Being mentored by two great Head Coaches in Brad Stevens and Matt Painter had built up his name and reputation. He wasn’t going to last long as an assistant coach. Shrewsberry was hired by Penn State for the 2021-22 season after the weird full interim season for Jim Ferry after Pat Chambers’ unceremonious exit.
Shrewsberry inherited a team that went 11-14 the season prior. Coach Shrews had to scratch together a roster in the middle of a transfer portal evacuation and it was too late to recruit a full class of Freshmen. He did his best and Penn State competed going 14-17 and winning 7 games in the Big Ten. Things might have started to click as the Nittany Lions won two games in the Big Ten Tournament before losing to his former school Purdue.
Next season Penn State struggled to find its form out of the gate going 14-11 and being 5-9 in conference play. That was when Jalen Pickett and Shrewsberry unlocked something. The Nittany Lions reeled off that win streak I mentioned in the open winning 5 of their last 6 Big Ten regular season games, wining 3 games in the Big Ten Tourney before again losing to Purdue and Painter in the championship, and even upset the 2nd place SEC finisher Texas A&M in their first March Madness game.
That hot streak catapulted Pickett onto draft boards and Shrewsberry back to South Bend. 18 years after the Indiana native had his first head coaching job at IU South Bend, Coach Shrewsberry was taking over the job for Notre Dame.
A New Era at Notre Dame
Alright. So this piece has been meandering a bit about Indiana and Micah Shrewsberry’s history. Time to connect some dots.
Mike Brey made Notre Dame fans care about the Basketball program again. Shrewsberry made Penn State fans care about the Basketball program again.
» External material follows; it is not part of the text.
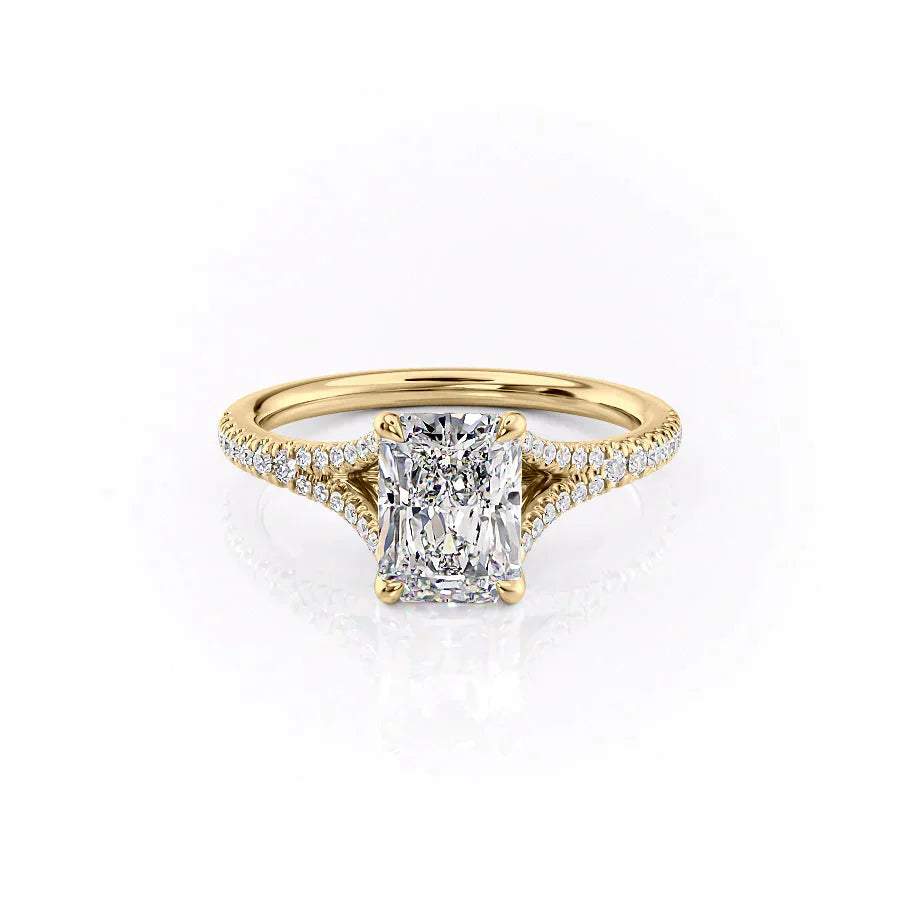 The Jade Set  With A 2.5 Carat Radiant 18K Yellow Gold Moissanite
Notre Dame hopes that Shrewsberry can rally a football fan base around the Basketball program once again.
The Fighting Irish are an undecided bachelor in the midst of all of conference realignment. Amid newly invited ACC programs and potential departures, Notre Dame will look to see where they best fit. Shrewsberry very well could coach in the ACC, coach an independent schedule, be in a new conference or a combination of all three in the next three seasons.
Year one is guaranteed to be in the ACC. I mentioned year one at Penn State wasn’t great. Year one in South Bend will likely be miserable. The Irish’s roster was left in ruin with the departure of Brey as almost every player left in the portal. But in the transfer portal era, coaches can rebuild quickly.
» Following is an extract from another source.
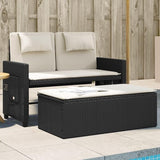 Garden Bench Deck Bench Reclining Patio Bench with Cushions Black Poly Rattan - Photo 1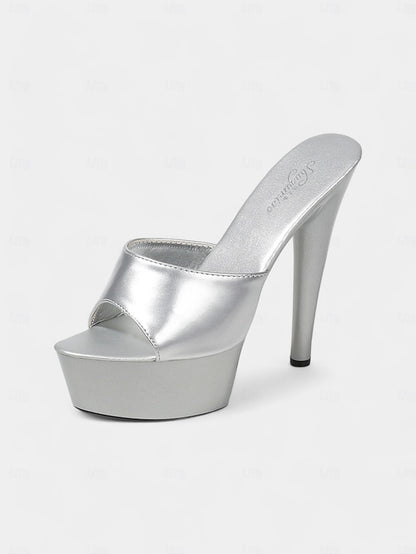 High with Patent Red Platform Heels Leather Women's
In just a few months to his return to Indiana, Shrewsberry has been flexing his recruiting muscles. He essentially transplanted his 2023 Penn State class to Notre Dame with Carey Booth (son of Denver Nuggets GM and PSU great Calvin Booth), Zionsville guard Logan Imes, and his son Braeden. He grabbed three power 5 transfers in Penn State big Kebba Njie, Seton Hall’s Tae Davis, and Northwestern’s Julian Roper. But what is really impressive is his class in 2024.
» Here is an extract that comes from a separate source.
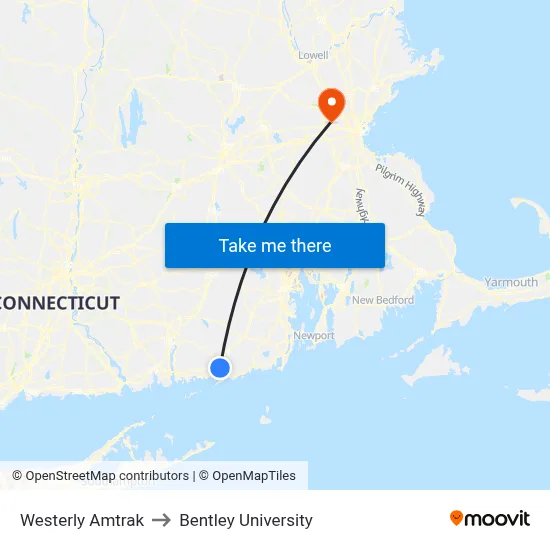 Westerly Amtrak to Bentley University map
Coach Shrews has already landed three Top 120 recruits in the 2024 class. Top 50 4-star Sir Mohammed, 4-star guard Cole Certa from IMG Academy, and 3-star forward Garrett Sundra. It’s already a Top-5 class nationally and it’s far from finished. More impact players will come in the portal. Shrewsberry grabbed starters in Pickett, Andrew Funk, and Camren Wynter for Penn State. I’m sure he will do the same for ND.
Micah Shrewsberry has plenty of stories and seen it all. Having worked under Brad Stevens and Matt Painter twice each. Having coached guys like Gordon Hayward, Marcus Smart, Jaylen Brown, Jayson Tatum, Jaden Ivey and Jalen Pickett. Having been in Northern, Southern, Western, and Eastern Indiana as a coach. His coaching background is steeped in Indiana tradition while also constantly being around the best in the sport. His recruiting experience is proven, continues to pay dividends, and has grown past just the Hoosier state.
The Indiana native is back home again in his state completing the extremely rare Indiana Cycle having coached at Butler, Indiana (South Bend – still counts), Purdue and now Notre Dame. Success has followed him everywhere he has gone.
Notre Dame is entering a new era for the first time in 23 years right as College Basketball is caught in the demolishing winds of realignment from Football.
Fighting Irish fans should feel excited that they could have the next great Indiana basketball coach who gets that “in 49 other states it’s just basketball.”